Weather Blog: Since Fredericksburg resides "in the seam" between the Richmond VA and Washington DC media markets this blog is a look at the weather from a Fredericksburg-centric point of view.
Two factors affecting our weather now and next week
Today’s (Thursday’s) clouds can be attributed to two separate weather features, the first of which is shown in this graphic:This is a forecast map of the 500 mb (~18,000 feet up) level of the atmosphere over the U.S. and the feature I’ve circled in red is a classic shortwave trough over the Carolinas. It is just far enough south that the associated precipitation will stay south of the Virginia / North Carolina line today, but it is streaming high level clouds overhead of the Fredericksburg area today. This shortwave trough will move off the coast later today and not affect us tomorrow (Friday).
The next feature that is creating low cloudiness overhead now is a surface high pressure system located over the northeastern U.S. that is “wedging” colder air southward along the Piedmont areas east of the mountains. This feature will keep the low clouds around most of today and will help suppress the high temperature under the 50 degree (F) mark. This will move out and sunshine and warmer temperatures – in the mid-50′s – will return Friday through Sunday, but then another high pressure will reestablish itself over the Northeast Sunday night with a vengeance as shown here:
This next high pressure system will affect our weather in two ways next week. First, as indicated by the white arrow I’ve overlain on the above graphic, cold air damming will return early next week as the clockwise flow around the high pressure ushers in northeasterly surface winds that will force low level moisture off the Atlantic westward over the Virginia Piedmont. This looks like it will sock us in with low clouds and light rain (or drizzle) from Monday through Wednesday of next week.

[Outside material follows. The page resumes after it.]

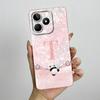 Чехол для Realme Note 50 RMX3834 Чехол Милый Панда Буквы Полное Покрытие Жидкий Силикон Чехол для Телефона Для Realme Note50 Чехол Fundas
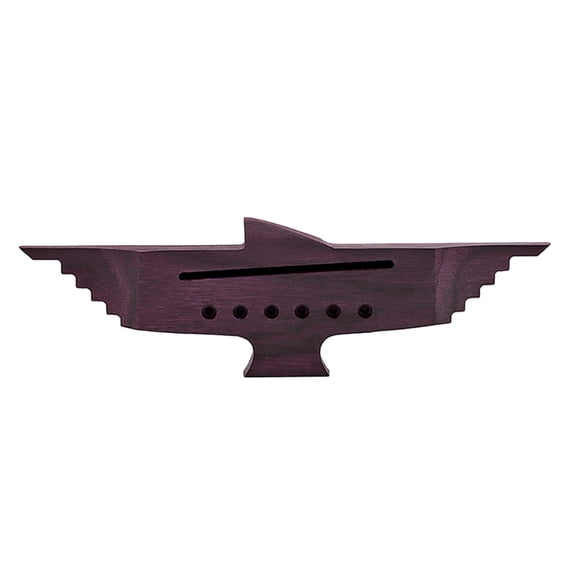 Bridge Musical Instrument Parts Wooden Guitar Accessory Acoustic Swallow Accessories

The second way this feature will affect us next week is that this strong high pressure system looks like it will cause a new storm – forecast to form off Cape Hatteras – to stay further off the East Coast than originally thought. That will keep the ‘Burg dry for Thanksgiving and, more importantly, prevent this new nor’easter from inflicting more misery on our neighbors to the north that are still reeling from the effects of Hurricane Sandy.
‘Nuff meteorology lessons. Have a good Thursday!